2. IFRS financial reporting

The consolidated financial statements of MTU Aero Engines Holding AG as at December 31, 2006, were drawn up in accordance with International Financial Reporting Standards (IFRS), such as these apply in the EU, and the guidelines of the International Accounting Standards Board (IASB), based in London. The interim consolidated financial statements ("Interim Report") as at March 31, 2007, which have been prepared in accordance with International Accounting Standard (IAS) 34 (Interim Financial Reporting), have been drawn up using, in all material respects, the same accounting policies as in the 2006 consolidated financial statements. Necessary changes resulting from the application of new or revised Standards or for reasons of greater transparency are explained in Note 4. All Interpretations of the International Financial Reporting Interpretations Committee (IFRIC) which are mandatory at March 31, 2007 have also been applied. The Interim Report also complies with German Accounting Standard No. 6 (GAS 6) – Interim Financial Reporting – issued by the German Accounting Standards Committee e. V. (GASC). The Interim Report has not been audited by the Group Auditor.

Further information about the Group's accounting principles and policies is contained in the MTU Aero Engines Holding AG consolidated financial statements as at December 31, 2006. The reporting currency for the consolidated financial statements is the Euro. All amounts are disclosed in millions of euros (€ million) unless stated otherwise.

3. New financial reporting rules

The IASB and IFRIC have issued the following Standards and Interpretations which have been endorsed by the European Commission:

  • Amendment to IAS 39 (Financial Instruments: Recognition and Measurement)
  • IFRIC 4 (Determining whether an Arrangement contains a Lease)
  • IFRS 7 (Financial instruments: Disclosures) together with the corresponding disclosure requirements in IAS 1

The changes have been applied by the Group from the beginning of 2007.

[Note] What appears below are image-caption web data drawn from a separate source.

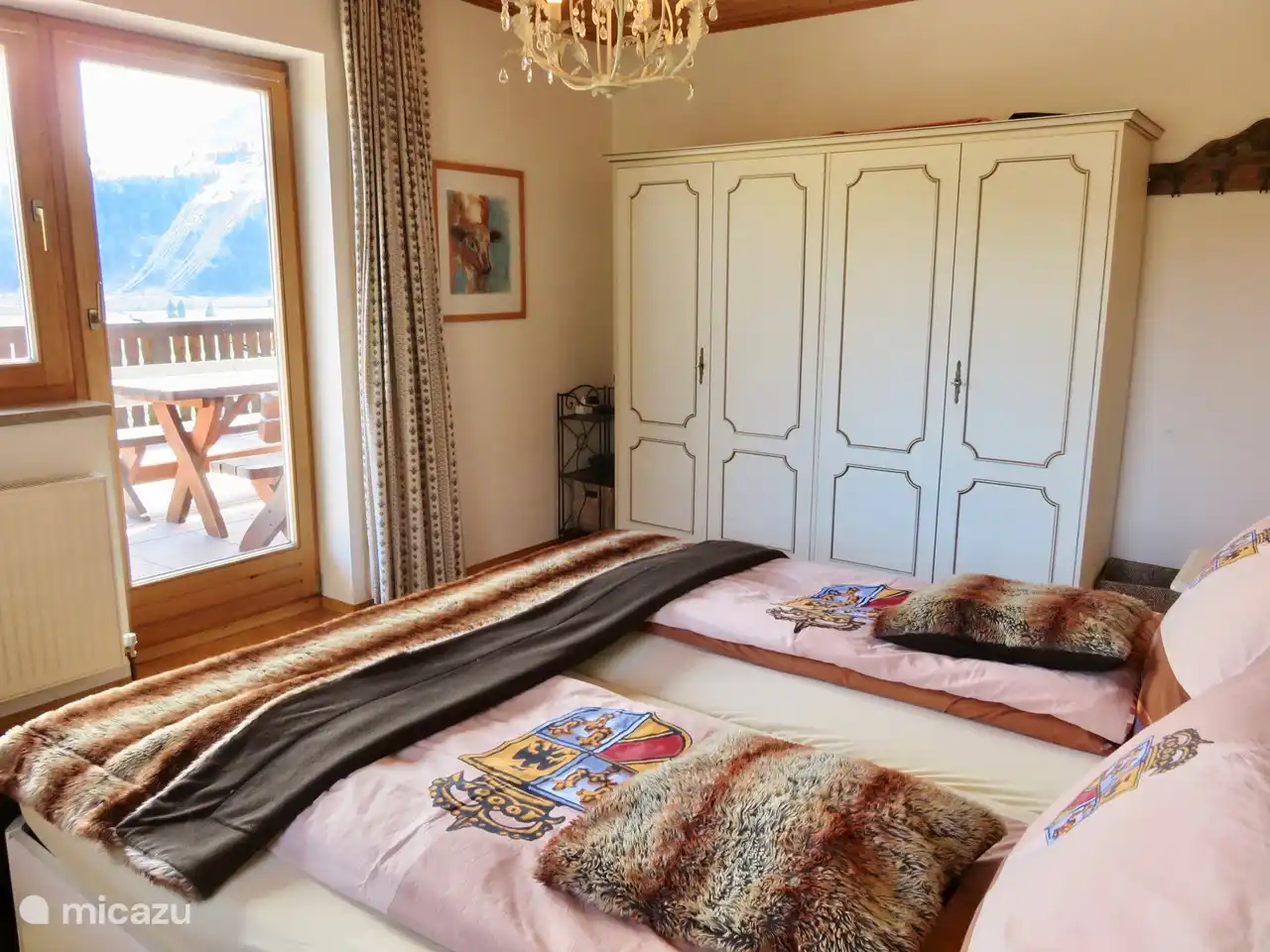 Pero tenemos más Dormitorios principales: Dos más en el 1er piso. Entre estas dos habitaciones dobles en este piso hay un amplio baño con cabina de ducha separada y bañera con ducha de mano y dos lavabos.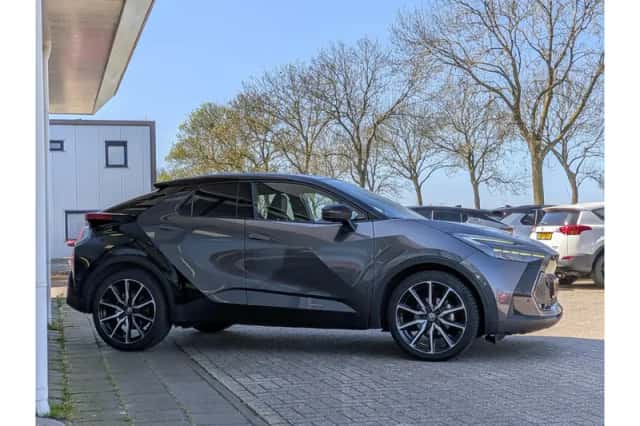Toyota C-HR (2024) thumbnail 4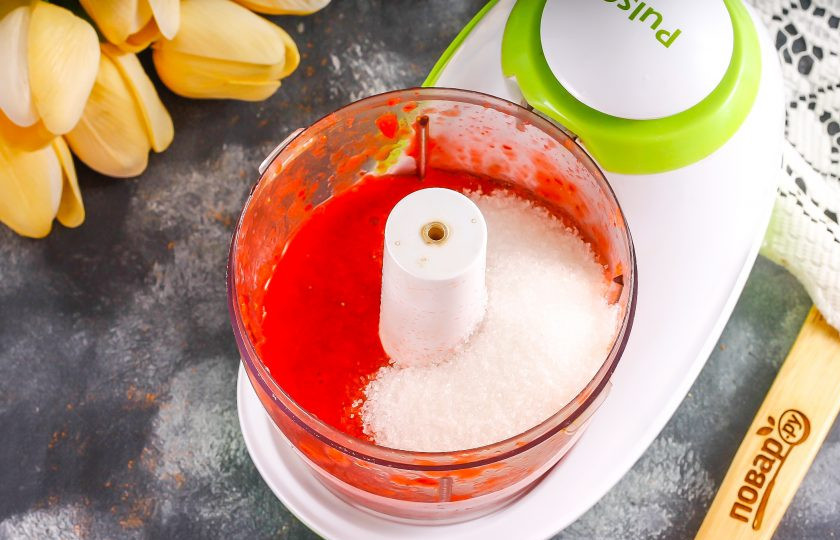 1. Этап. Ксу ксу из клубники: Всыпьте сахар, и влейте сок лайма. Можно вместо лайма использовать сок лимона, а вместо сахара — мед.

4. Adjustments to the Group Interim Report

MTU Maintenance Zhuhai Co. Ltd., China, has been consolidated proportionately (at 50%) since the beginning of 2006 (see Note 5).

The following restatements were made within equity in the previous financial year i.e. all effects were taken into taken in the consolidated financial statements for the year ended December 31, 2006:

The profit for the period under report is transferred to revenue reserves with the effect that the balance sheet line "Retained earnings" is no longer required. In addition, the acquisition of treasury shares was recognized on the line "Treasury shares" as a separate sub-item within equity. The fair value of Phantom Stocks, relating to the Matching Stock Program (MSP) and measured using the Black-Scholes method, has been reclassified from "Accumulated other equity" to "Capital reserves" within the Consolidated Statement of Changes in Equity.

Utilization of the Group's RCF overdraft facility has an impact on liquidity. In order to improve transparency, the Group's net liquidity status is now disclosed in the Consolidated Cash Flow Statement (after the line "Change in cash and cash equivalents"). For this purpose, the current account overdraft is netted against cash and cash equivalents.

The Financial Reporting Enforcement Panel (FREP), which has the remit to examine the financial statements of the majority of companies taking up a listing on the Stock Exchange, has examined MTU Aero Engines Holding AG's consolidated financial statements for the financial year 2005 pursuant to § 342b (2) sentence 3 no. 3 HGB (random sample examinations). MTU decided to concur with the result of the examination. This relevant announcement was made on January 19, 2007. The result of the FREP examination included an interpretation of the accounting treatment of the purchase price allocation relating to three commercial engine programs in conjunction with the purchase of the business by KKR in 2004. For the purposes of purchase accounting for the relevant program assets, the FREP is of the opinion that the obligations directly attributable to these programs as at December 31, 2005 are required to be reported on the liabilities side of the balance sheet (contingent liabilities) and hence, separately from assets. The impact of the restatement was included in full in the 2006 consolidated financial statements. Since the examination findings were not made until the beginning of 2007, the comparative figures for the quarter ended March 31, 2006 have been restated.

5. Consolidated companies

MTU Aero Engines Finance B.V., Amsterdam, Netherlands, was incorporated on January 19, 2007 with share capital of € 18,000. This entity is wholly owned by MTU Aero Engines Holding AG and is included in the consolidated financial statements as at March 31, 2007 for the first-time.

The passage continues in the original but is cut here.